Das Abendprogramm gestaltet Elina Rubio mit einer Sonate 'ohne begleitenden Bass' von Johann Sebastian Bach. Die nach Bachs Tod in Vergessenheit geratenen Sonaten gehören mittlerweile in das Repertoire vieler Violinvirtuosen und bedeuten eine technische und geistige Herausforderung. Erstmals eine gleichberechtigte Partnerschaft zwischen Klavier und Violine, die der Violine einen dynamischen Ausdruck verleihe, habe Ludwig van Beethoven mit seinem Werk 'Frühlingssonate' geschaffen, die Rubio an diesem Abend interpretiert.

Bei ihrem ersten Konzert in Gailingen, vor ihrem Stipendium durch den Förderverein an der Hochschule für Musik in Dresden, habe die noch sehr junge Künstlerin eine musikalische Leidenschaft versprüht, sagt Anna Kartini, Vorsitzende und künstlerische Leiterin der 'Kammermusik am Hochrhein'. An diesem Konzert spiele Rubio Beethovens Musik technisch sehr sauber. Das Verschmelzen von Künstler und Musik zu einer die Zuhörer ergreifenden Aura, das den Virtuosen ausmache, vermisste Kartini jedoch.
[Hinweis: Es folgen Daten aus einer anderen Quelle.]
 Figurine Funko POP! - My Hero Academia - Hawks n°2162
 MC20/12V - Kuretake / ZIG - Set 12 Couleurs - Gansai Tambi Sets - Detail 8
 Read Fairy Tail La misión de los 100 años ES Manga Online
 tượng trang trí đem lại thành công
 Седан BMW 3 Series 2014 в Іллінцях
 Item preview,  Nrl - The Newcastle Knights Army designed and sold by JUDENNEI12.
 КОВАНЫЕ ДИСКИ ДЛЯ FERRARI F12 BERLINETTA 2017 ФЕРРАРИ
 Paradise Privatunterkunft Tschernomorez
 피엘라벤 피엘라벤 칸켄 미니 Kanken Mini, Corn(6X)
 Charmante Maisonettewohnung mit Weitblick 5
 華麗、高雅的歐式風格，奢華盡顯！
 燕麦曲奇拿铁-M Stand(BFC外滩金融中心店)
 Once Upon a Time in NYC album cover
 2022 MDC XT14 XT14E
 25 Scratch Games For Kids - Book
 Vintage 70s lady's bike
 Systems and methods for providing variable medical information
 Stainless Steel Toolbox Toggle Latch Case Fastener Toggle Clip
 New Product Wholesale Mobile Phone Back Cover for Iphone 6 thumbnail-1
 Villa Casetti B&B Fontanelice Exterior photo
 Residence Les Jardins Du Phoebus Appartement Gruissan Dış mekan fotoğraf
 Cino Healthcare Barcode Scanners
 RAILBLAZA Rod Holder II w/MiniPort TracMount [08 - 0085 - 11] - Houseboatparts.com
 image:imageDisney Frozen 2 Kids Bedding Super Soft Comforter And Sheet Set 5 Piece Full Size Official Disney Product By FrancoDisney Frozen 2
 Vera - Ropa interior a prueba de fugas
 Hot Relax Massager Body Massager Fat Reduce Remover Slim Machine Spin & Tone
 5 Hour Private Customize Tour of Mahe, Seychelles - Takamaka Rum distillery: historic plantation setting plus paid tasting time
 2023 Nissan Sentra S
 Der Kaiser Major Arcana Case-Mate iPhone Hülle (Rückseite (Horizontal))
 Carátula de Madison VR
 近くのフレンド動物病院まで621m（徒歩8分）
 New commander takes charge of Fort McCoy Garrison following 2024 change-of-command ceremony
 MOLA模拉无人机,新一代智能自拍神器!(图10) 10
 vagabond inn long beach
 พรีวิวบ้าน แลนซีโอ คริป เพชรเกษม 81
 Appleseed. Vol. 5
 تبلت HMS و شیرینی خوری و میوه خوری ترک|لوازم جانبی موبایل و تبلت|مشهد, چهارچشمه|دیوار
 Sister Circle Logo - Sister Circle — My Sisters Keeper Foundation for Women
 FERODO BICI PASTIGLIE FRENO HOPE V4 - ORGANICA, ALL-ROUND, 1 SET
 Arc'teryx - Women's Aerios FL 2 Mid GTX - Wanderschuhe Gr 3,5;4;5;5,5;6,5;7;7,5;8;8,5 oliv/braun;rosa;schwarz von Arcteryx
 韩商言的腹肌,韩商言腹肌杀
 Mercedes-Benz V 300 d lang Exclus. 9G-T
Das Poème op. 25 für Violine und Klavier des französischen Impressionisten Ernest Chausson spielt Rubio mit hoher Klangsinnlichkeit. In diesem zweiten Konzertteil wird Rubios musikalischer Ausdruck intensiver und mitreissender.

Im letzten Programmteil überzeugt Rubio mit Henri Wieniawskis Komposition 'Faust Fantaisie brillante op. 20' aus dem Jahr 1865. Mit der Zugabe, einem Stück des spanischen Komponisten Manuel de Falla, scheint die Spanierin Rubio musikalisch in der Heimat angekommen zu sein.

Begleitet wurde die Violinistin von dem Pianisten Graham Jackson, der als Solist in bedeutenden Musikzentren der Welt auftrat und als Dozent am Conservatorio Superior in Madrid lehrt. Er begleitete auch den Geiger Igor Malinovsky, der Violine an der Musikhochschule Dresden lehrt und auch Elina Rubio unterrichtete.

Der Förderverein 'Kammermusik am Hochrhein' zählt knapp 250 Mitglieder im Radius von rund 60 Kilometern. Ein Gönner hat dem jungen Talent Rubio seit ein paar Jahren eine Geige von 'J.B.Vuillaume' (Paris,1864) im Wert von rund 250 000 Euro zur Verfügung gestellt. "Der Bogen allein kostete weitere 30 000 Euro", erklärt Kartini.